= Public Fiction =

Public Fiction is a curatorial project and quarterly publication based in Los Angeles. It was founded in 2010 by Lauren Mackler.

Graphic designer and curator Lauren Mackler moved from the east coast to L.A. to open Public Fiction in 2010. Public Fiction resides in an unmarked storefront in the Highland Park neighborhood of Los Angeles. Neither a commercial gallery nor a not-for-profit organization, the space hosts exhibitions for three months on a theme, within which are staged solo shows, group shows, performances, artist talks, screenings, and dinners, connected to that theme, all of it culminating into a publication. The publication, inspired by other artist multiples such as Aspen, Semina by Wallace Berman and Vision magazine, includes a record of everything that happened within the series, but also presents new and additional content.

Though the space had already hosted several one night events, Public Fiction's first official exhibition, "Public Records," transformed the gallery into a "record" store, with a play on words between "collecting" and "archiving". The show centered on music, archives, and collections. For "The Free Church," its second show, artists turned the space into different iterations of a spiritual space for worship. The third iteration of the project was called the Manifest Destiny / Gold Rush series and addressed the impulse to move West, ambition and the economy. For this three-month period, one month was dedicated to a show of California artists on Entrepreneurialism, the second staged a functioning Hotel for east coast artists to come work west and the third presented a solo installation by artist David Hendren depicting a post-earthquake interior. The fourth Public Fiction series was held at the MoCA Geffen contemporary and was called "The Club". Mackler created a space and organized events addressing of social clubs, night clubs, and art clubs. Laura Owens did the poster for the series. The fifth series, was called "Theatricality and Sets" where for three months Public Fiction hosted an exhibition of artist using props, creating sets or staging a theater. The publication for this issue was called "The Lost Issue" and made jointly with "Lost In LA" a show curated by former Palais de Tokyo director Marc-Olivier Wahler. For the following "Foreign Correspondent" series, the whole space was turned into an anonymous office.

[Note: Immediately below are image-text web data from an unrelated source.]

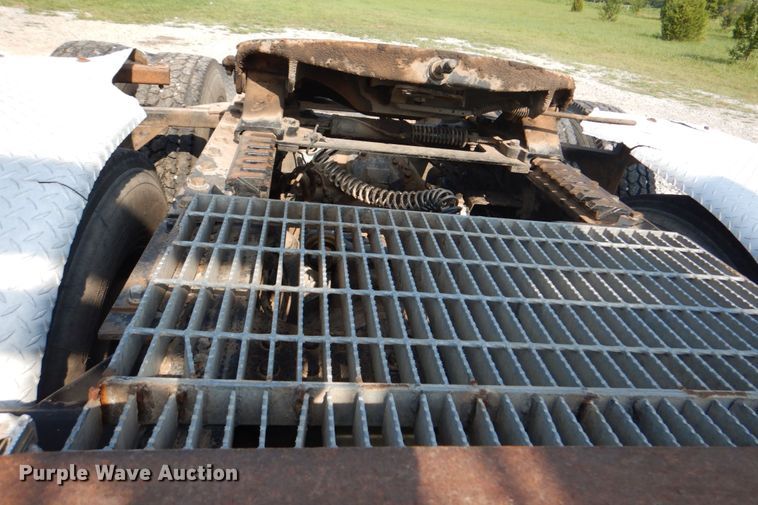 image for item HT9378 2012 Mack CHU613  semi truck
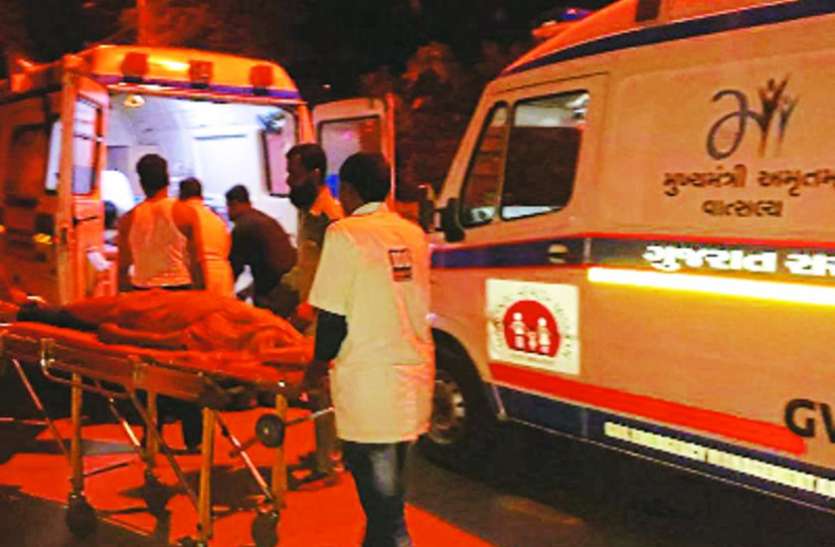 Car collapses, 7 children die, three injured कार नाले में गिरी, 7 बच्चों की मौत, तीन घायल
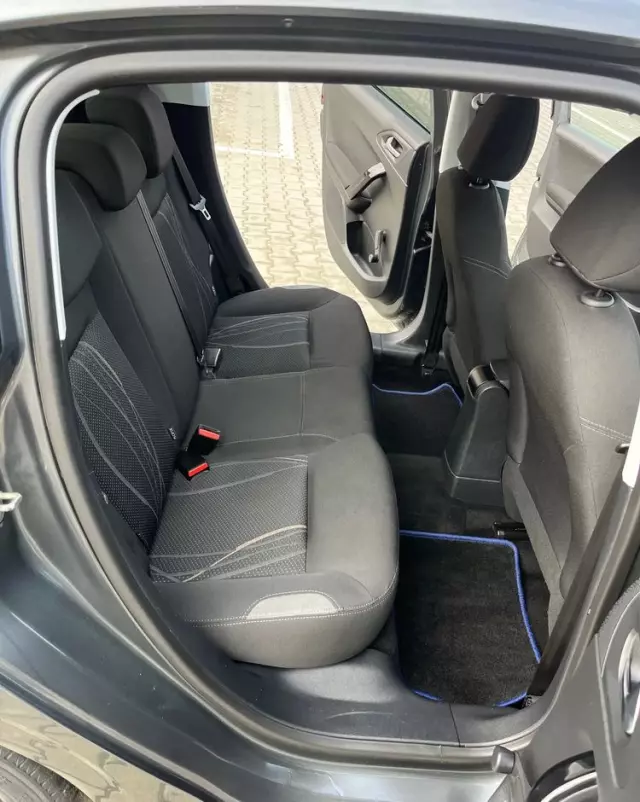 PEUGEOT 208 1.4 VTi Active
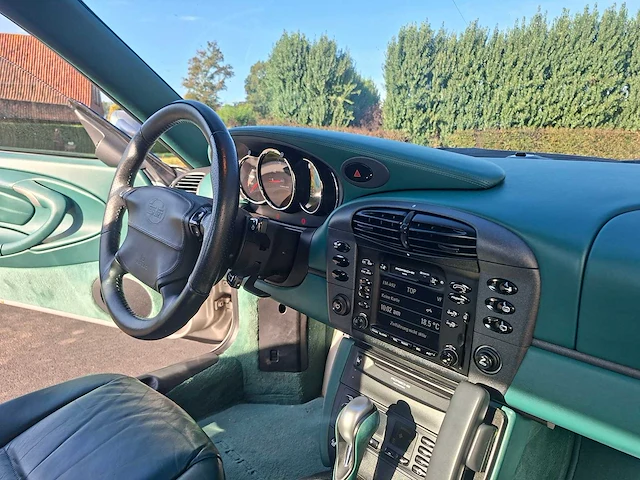 Porsche 911 996 carrera - afbeelding 32 van  55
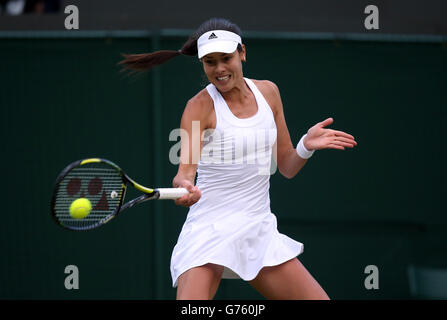 Tennis - Wimbledon Championships 2014 - Tag sechs - All England Lawn Tennis und Croquet Club. Die serbische Ana Ivanovic im Kampf gegen die deutsche Sabine Lisicki Stockfoto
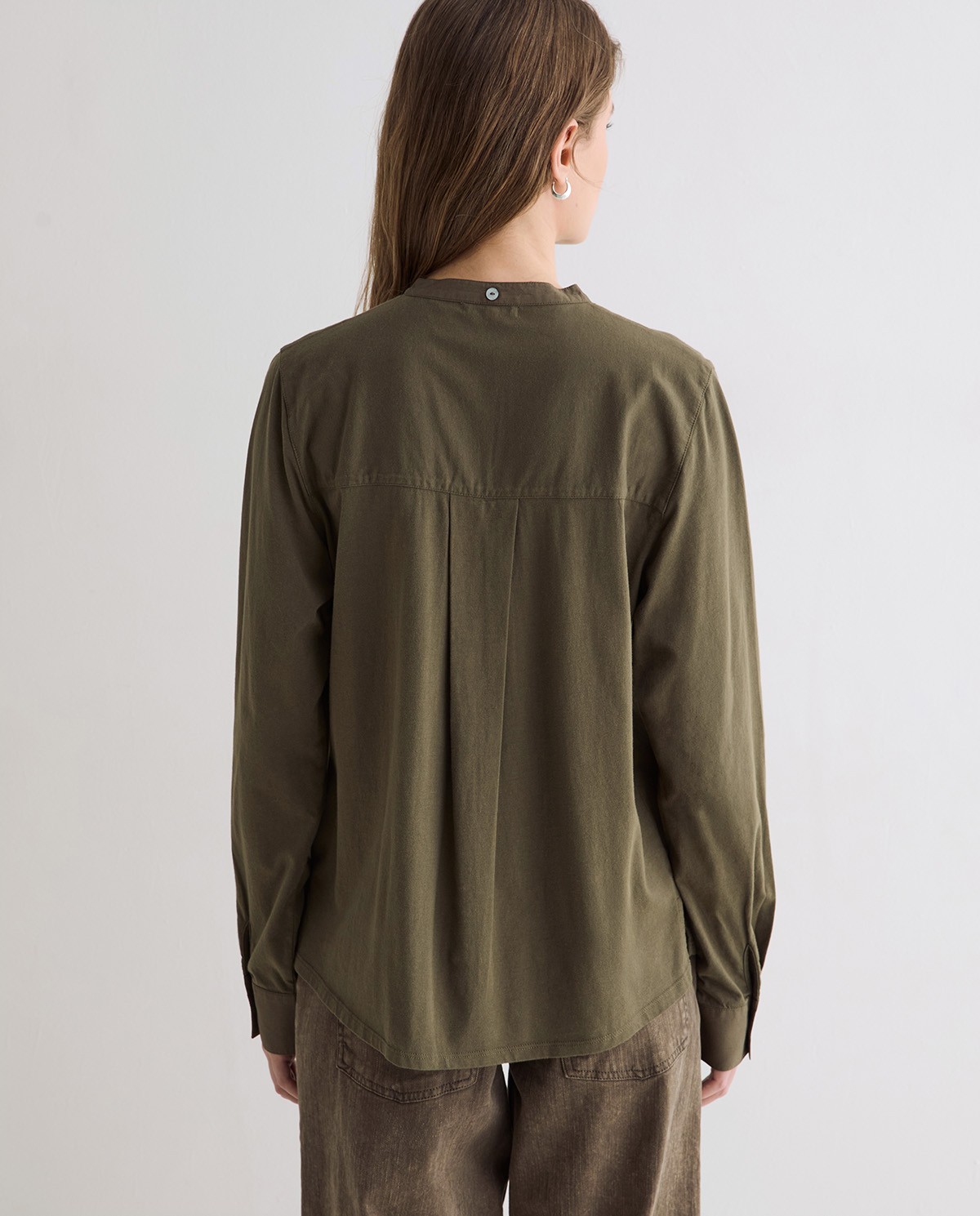 Camisa mao con pañuelo extraíble en color verde khaki, vista frontal con detalle del tejido 7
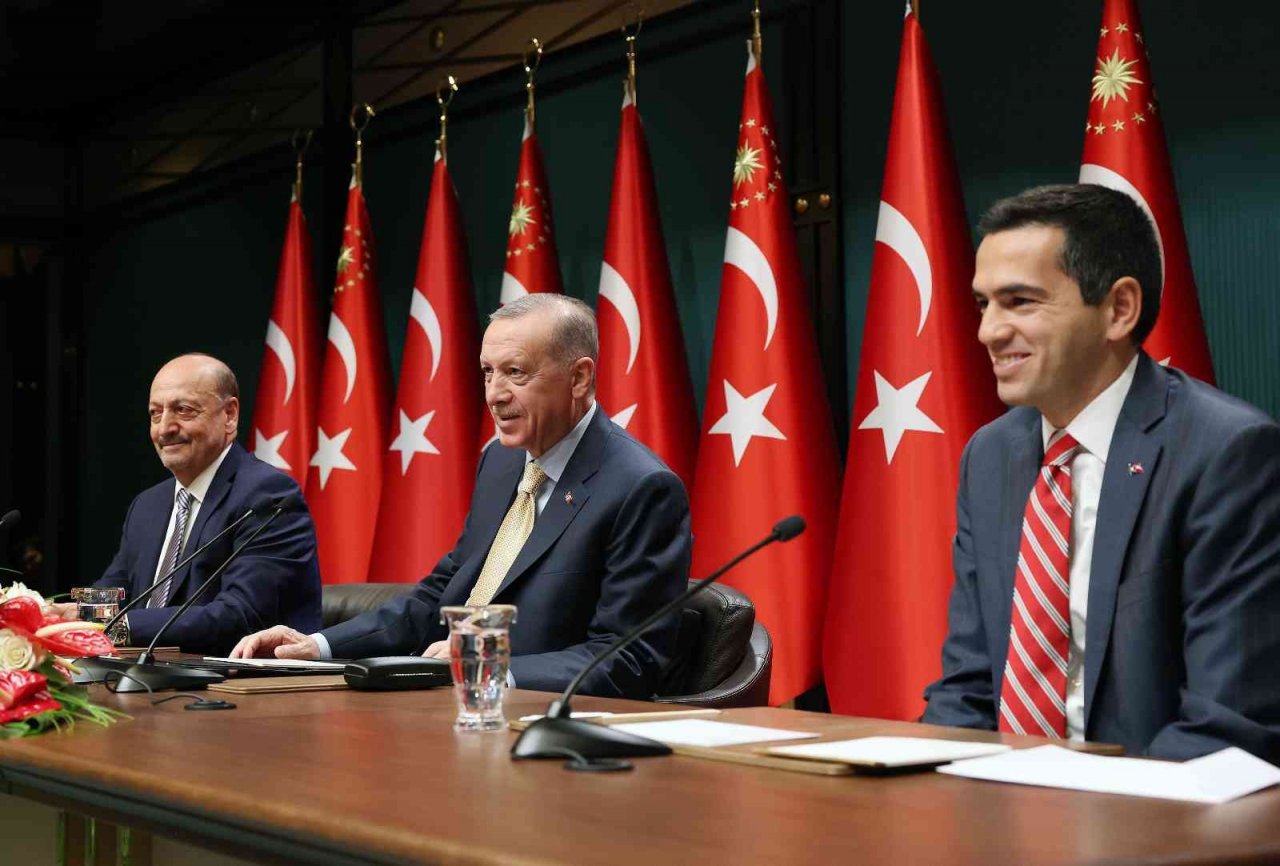 Cumhurbaşkanı Erdoğan yeni asgari ücreti açıkladı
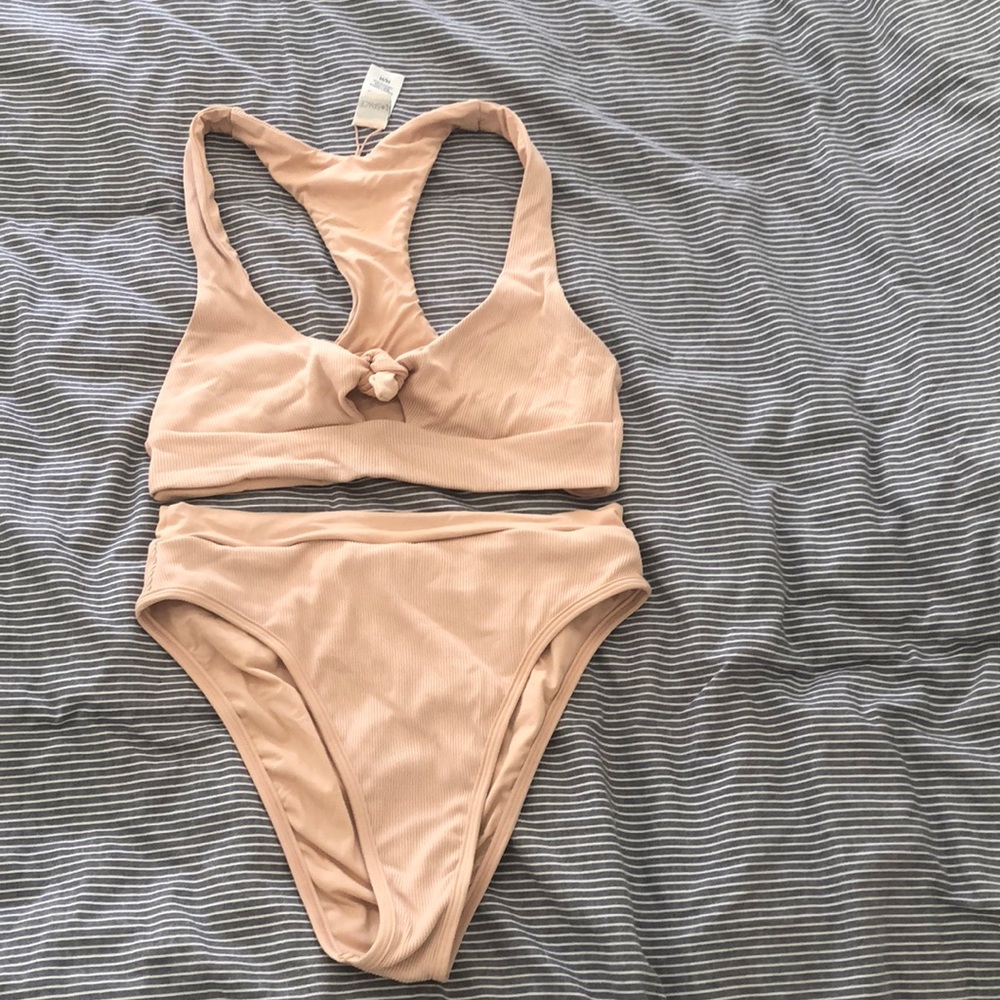 L*Space Tara Bikini Top & Ridin High Bottom Peach Medium - great used condition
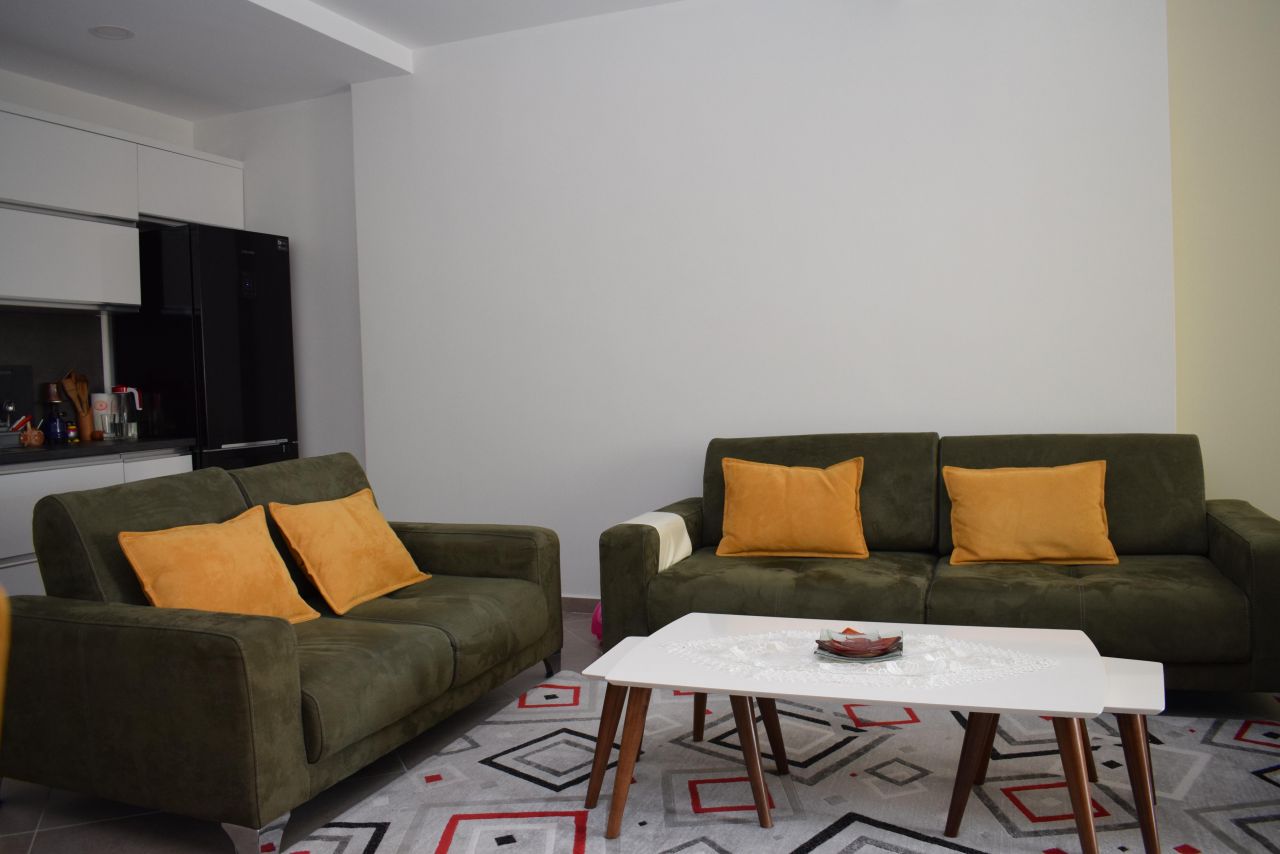 Két hálószobás lakás, eladó Tiranában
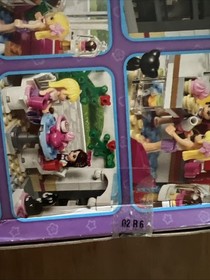 LEGO Friends Heartland Cupcake Cafe (41119) NEW - Box Wear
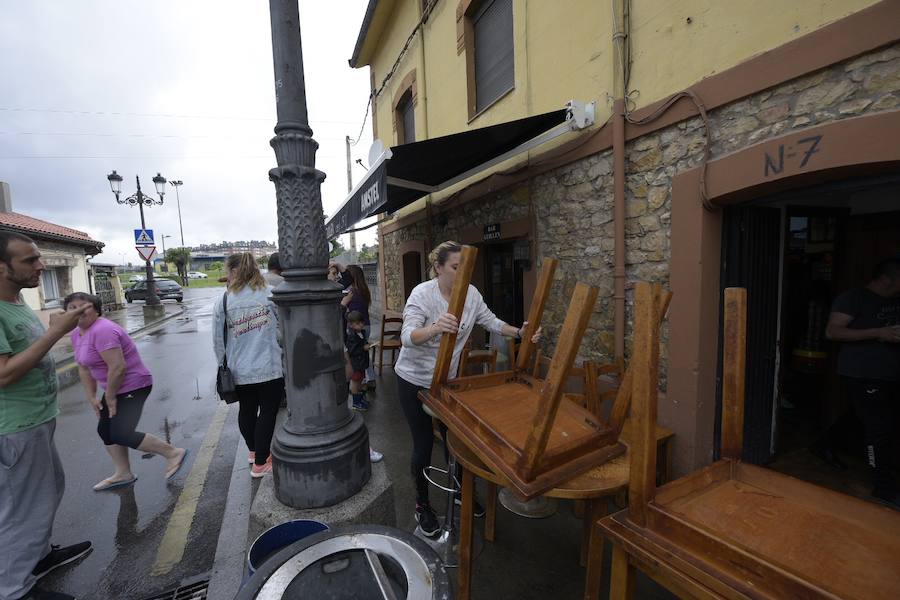 Asturias se encuentra en alerta amarilla por las fuertes lluvias y varias localidades de la región se han visto afectadas por las mismas. En Cudillero y en Oviedo se han producido inundaciones y argayos.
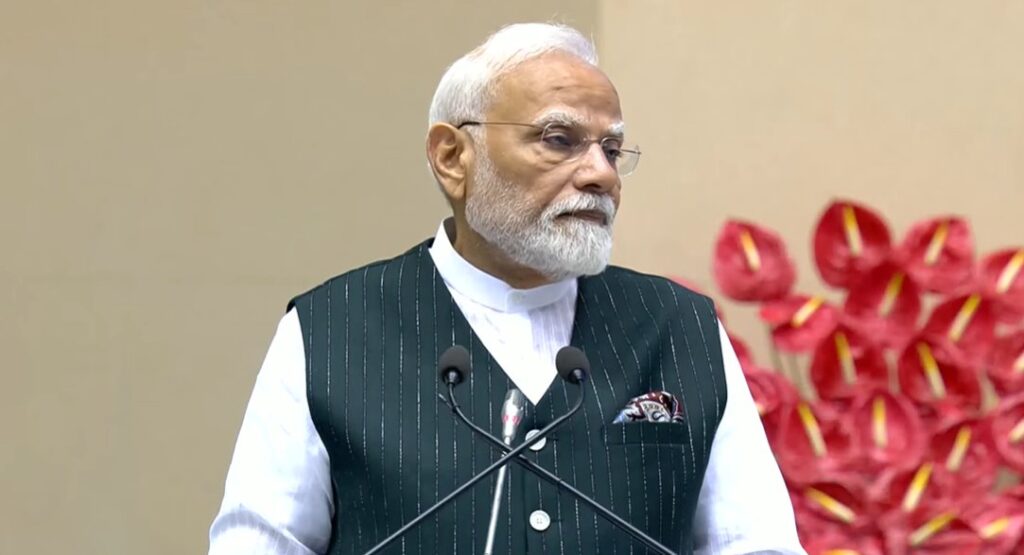 आज की नीतियां तय करेंगी एक हजार साल का भविष्य, सिविल सर्विस डे पर बोले पीएम मोदी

In this presentation, the journal came out as a broadsheet, one week at a time, as Dispatches, the broadsheets each presented an artist on one side and a writer on the other, the participants included Camille Henrot, Charlie White, Jonathan Lethem, Neil Beloufa, Sarah Lehrer-Graiwer and more.

In 2012, writer Andrew Berardini and Mackler the curated “Treating Shadows as Real Things,” in Torino at the Chapel of the Holy Shroud, Artists for this exhibition included Lucas Blalock, Anthony Lepore, Sarah Cain, Andrea Longacre-White, Giorgio de Chirico, Carlo Mollino, Samara Golden, Ry Rocklen, Mark Hagen. The Exhibition was presented as a tangent to the Artissima art Fair. Mackler and Berardini also organized "Set Pieces" at Milan gallery Cardi Black Box, including and inspired by the work of William Leavitt.

In 2013, "The Stand In", an exhibition inspired by the surrealist model of the "exhibition as a medium", re-exhibited the same artists three times, for one month each. This was a collaboration with Alexandra Gaty.

For the 2014 Frieze Art Fair in New York, Public Fiction and Allen Ruppersberg reinvented "Al’s Grand Hotel", a project initially created by Ruppersberg in 1971 in Los Angeles. The hotel originally was open for six weeks and acted as a site for happenings, parties, performances and a place to sleep. Al's Grand Hotel was restaged as a fully functioning hotel installed within the fair, with two rooms, and a lobby. Visitors could become guests of the hotel and were allowed to book rooms to spend the night.

Public Fiction was included in the 2014 Made in LA Biennial at the Hammer Museum, curated by Michael Ned Holte and Cornelia Butler. Mackler co-organized a double exhibition, within the main exhibition, titled "A Public Fiction" and "Tragedy + Time" with writer / curator Sarah Lehrer-Graiwer. The duo created a multifaceted and episodic series with revolving exhibitions taking place at the Hammer, Public Fiction's store front, and within a publication.